He is the most exciting young player I have come across as a manager. He has every chance of making it as a top class footballer. He is able to do something that excites people. He showed at Wimbledon that he has the ability to go past people.
Michael Reddy's only league goal for Sunderland though was an equaliser against this weekend’s opposition Middlesbrough, so this week’s entry seemed only appropriate. The Irishman's rise to the top was quite simply a product of raw talent being given a chance.
The story of Reddy's journey from Graiguenamanagh to the Premiership began a few years before he signed up for Reidy, when Kilkenny City manager Jim Rhatigan spotted him playing for Grennan College in Thomastown, which was a team managed by Reddy’s own mother. After a solid performance for his local side, he was invited to play for Kilkenny City in a friendly against the Republic of Ireland’s youth side, but despite the game being abandoned due to bad weather, their manager Alfie Halesaw saw enough to give him a contract.
His first nine games in the Irish League yielded four goals as his blistering pace gave teams nightmares - he also won a number of penalties and gained plenty of assists as Kilkenny finished the season strongly. Eventually he gained international recognition as he was included in Ireland’s Under-18 squad. Not long after, our Chief Scout Andy King, who had seen such names as Roy Keane as a youngster come through the ranks in Ireland, was given a tip that Reddy was a one to watch. After a summer trail, Bob Murray parted with thirty-thousand pounds to bring the youngster to the Stadium of Light.
The youngster didn’t take long to make an impression as he netted two goals on his debut for the reserve side against Bolton. By the time September came around, he was appearing on the bench for the first team. He was given his Black Cat bow in a League Cup defeat at Selhurst Park, as we lost in extra time to a dogged Wimbledon team.
Despite the disappointment of defeat, Reddy managed to set up our equalising goal and have a chance cleared off the line, prompting Peter Reid into classing him as "the most exciting talent he’s worked with", praise indeed considering the Scouser had worked with players such as Michael Bridges and Shay Given.
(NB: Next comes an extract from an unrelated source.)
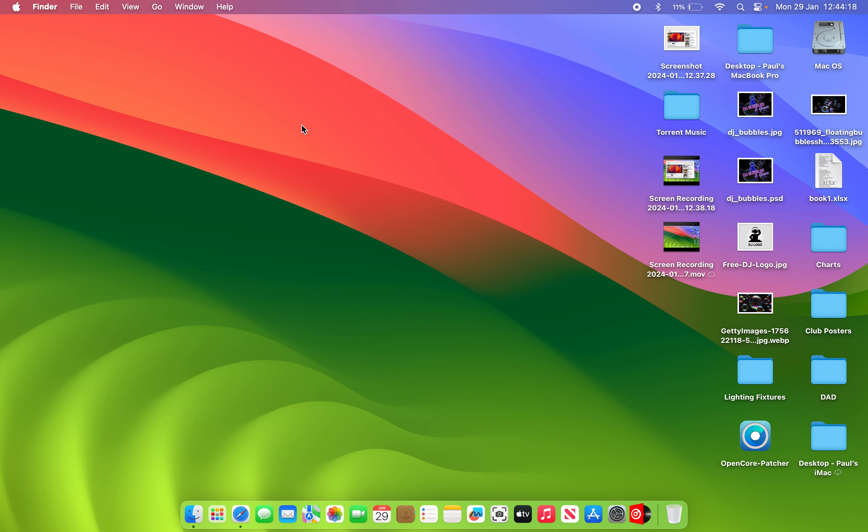As you can see, all the transparency is there. There's no lag. It's absolutely fine. I'm actually using it to record on there. But there's just one little issue.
By the time the next league game came around, talk was already about the youngster getting a subs appearance in the Sky televised Monday night game against Aston Villa. With the Lads looking for a killer third goal, Reddy was introduced late on and managed to scrape the bar with a long range effort. However his most memorable moment and sadly his career pinnacle came only a week later.
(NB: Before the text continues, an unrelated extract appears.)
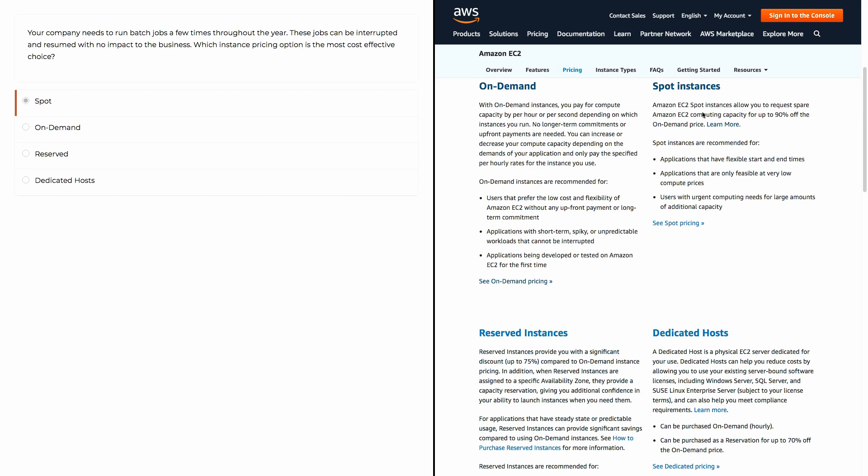AWS has a bunch of EC2 instances that they want people to be paying for. They're willing to give it to you at a discount, but the condition is you could be interrupted at any given time. If you're running something that can be interrupted and it has no effect on you, and you can work with that flexibility, spot instances is the cheapest solution on this entire list.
After an early Chris Makin red card, a backs-to-the-wall performance was required in the first Tees-Wear derby of the season. The Lads, led by a bloody headed Steve Bould, had managed to force out the rampant Teesiders until the 76th minute when Colombian Hamilton Ricard smashed in an opener. Bobby Saxton immediately called over the 19-year-old as we went in search of an equaliser. We didn’t have to wait long.
Within two minutes, Phil Stamp brought down fellow Irishman Niall Quinn in the box and we had a chance to get back on terms with little over ten minutes to play. Kevin Phillips though had his penalty superbly saved by Mark Schwarzer, but Michael Reddy was on hand to smash in the rebound and enhance his growing reputation.
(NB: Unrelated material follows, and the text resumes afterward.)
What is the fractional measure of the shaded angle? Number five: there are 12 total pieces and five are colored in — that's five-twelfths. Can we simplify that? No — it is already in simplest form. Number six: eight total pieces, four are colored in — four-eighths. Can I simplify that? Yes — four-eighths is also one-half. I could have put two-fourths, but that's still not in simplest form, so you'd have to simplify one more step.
Sadly for Reddy that was as good as it got. Despite staying at the club for a further four years, he only played another eight times as he was farmed out on loan to numerous clubs - an impressive loan spell at Swindon Town resulted in a formal bid being made for his services, only for Peter Reid to quote them a ludicrous £5m.
Eventually he moved on to Grimsby Town in 2004 on a free transfer, where he stayed until a hip injury forced his early retirement at the age of 27. It was a shame considering he had found success at Grimsby, where he scored a total of 26 goals in 70 starts.